Wednesday, June 23, 2010

The Oil Spill: Jewish Reflections (Part I)

There are countless Jewish ways to respond to the oil spill in the Gulf of Mexico. These past several weeks, I have thought many times of Genesis 2:15, “Adonai Elohim took Adam and placed him in the Garden of Eden, to tend it and to keep it.” How terribly we have failed at fulfilling this first, most basic human responsibility!

But beside our anger and anguish, our fear and sadness for the people of the Gulf region—the oil spill raises complex ethical and legal questions.  How does Judaism address them?  There were no oil spills in the days of the Bible or of the classical Jewish texts.  As with any modern dilemma, we must mine our tradition for useful parallels.

For example, take this passage from the Mishnah, the compilation of Rabbinic law edited in Roman Palestine around 200 C.E.:
One may not set up an oven within a house unless there is a space of four cubits above it [to the ceiling].  If he sets it up in an upper room, the floor beneath it must be three handbreaths thick....  If it causes damage [by setting fire to the house and neighboring houses], he is liable to pay for the damage.  But Rabbi Shimon says:  The reason for all of these measurements is that [if they are observed], one is not liable to pay for any damage.  (Bava Batra 2:2)
A house fire was a major economic and public safety hazard in ancient cities, and so the Rabbis regulate the use of ovens indoors. But what if one follows all the regulations, and a fire still results? Here the Rabbis disagree. The unnamed consensus says the oven owner must pay for the damage.

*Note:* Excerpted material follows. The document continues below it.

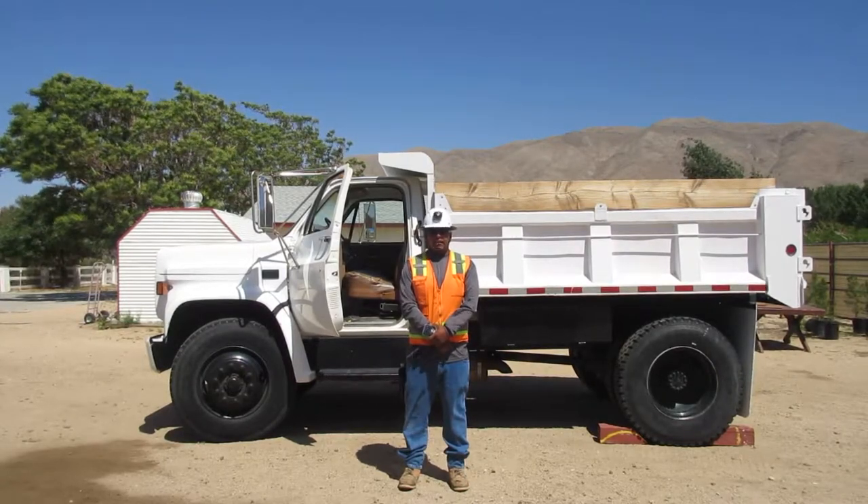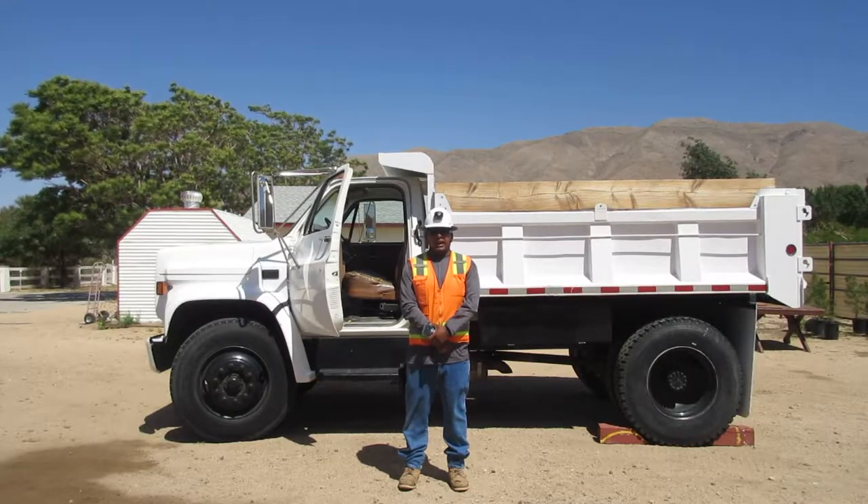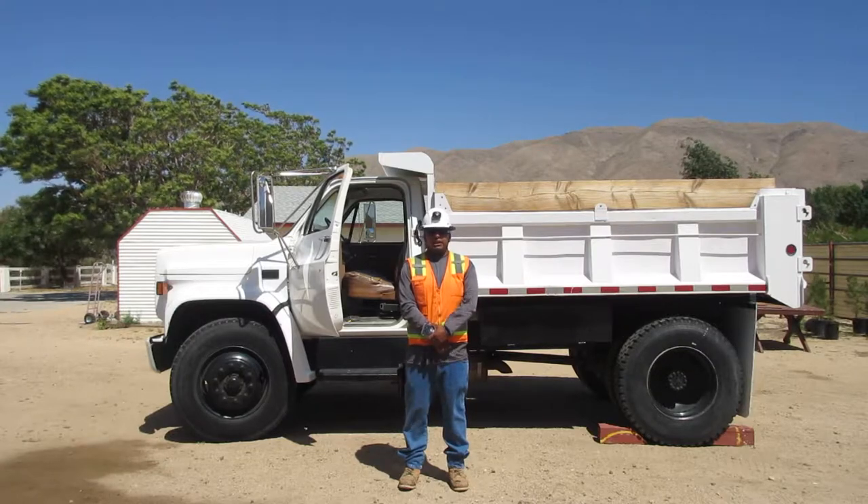I am Brian Alvarez, a heavy equipment operator engineer. I am going to demonstrate our air brake test on this dump truck behind me. Our first test is the low pressure test.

Rabbi Shimon argues that if the oven owner has taken all the precautions required by the Rabbis, he is free of liability, no matter what damage may result from an accidental fire.

Now as then, we rely on government regulation to keep us safe from the unintended consequences of others' actions.  A large part of our anger at the oil spill is based on the sense that adequate regulations were not in place or worse, that they were subverted or ignored. 

This mishnah teaches us that in Jewish law, regulation is legitimate and necessary to protect the public welfare.

As for Rabbi Shimon?  The Talmud and later Jewish law side against him.  Even when one complies with all regulations, one is liable to pay for any damage accidentally caused.  Just as in our day, regulation is no substitute for personal and corporate responsibility.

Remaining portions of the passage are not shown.